▶ [What is required]: From the records below, extract only the lines running from the line with "Office for Rent in SCHWEBSANGE – 1" to the line with "87兔和85牛的属相合不合", both lines included, reproducing them exactly.

▶ [Provided records]:
◇ ◇ ◇ ◇ ◇

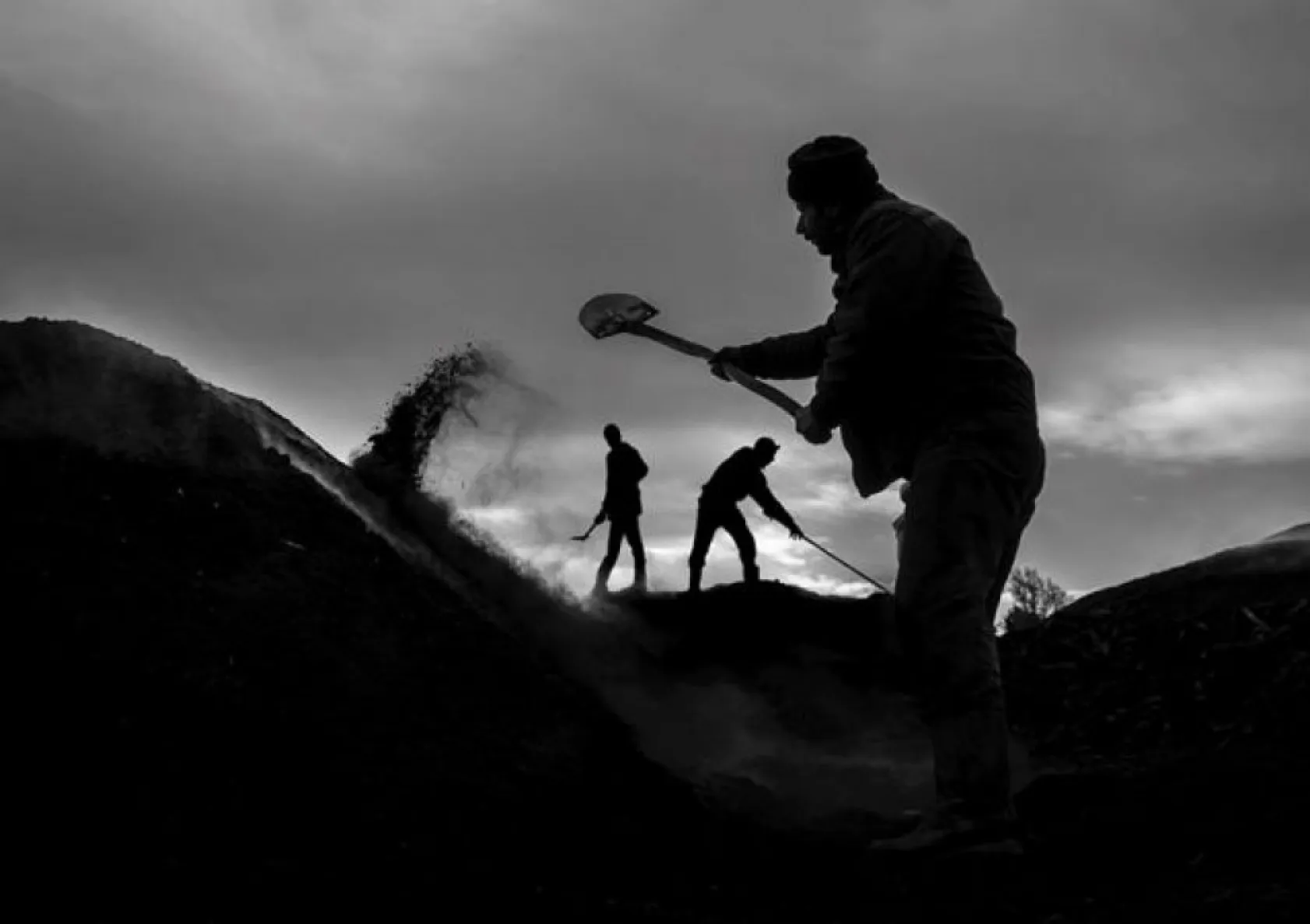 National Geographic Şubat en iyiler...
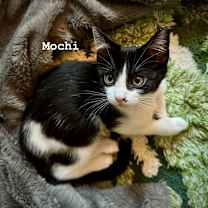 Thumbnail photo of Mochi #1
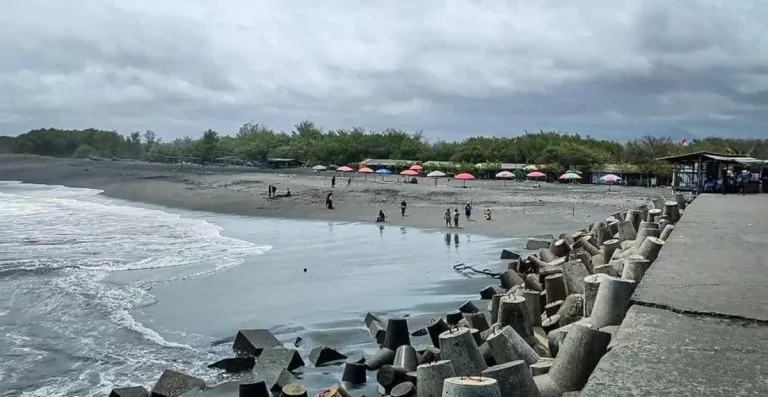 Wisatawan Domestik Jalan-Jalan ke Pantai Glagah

◇ ◇ ◇ ◇ ◇

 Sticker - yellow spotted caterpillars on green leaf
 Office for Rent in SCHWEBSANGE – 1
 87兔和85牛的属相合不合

◇ ◇ ◇ ◇ ◇

▶ [Answer for this exercise]:
 Office for Rent in SCHWEBSANGE – 1
 87兔和85牛的属相合不合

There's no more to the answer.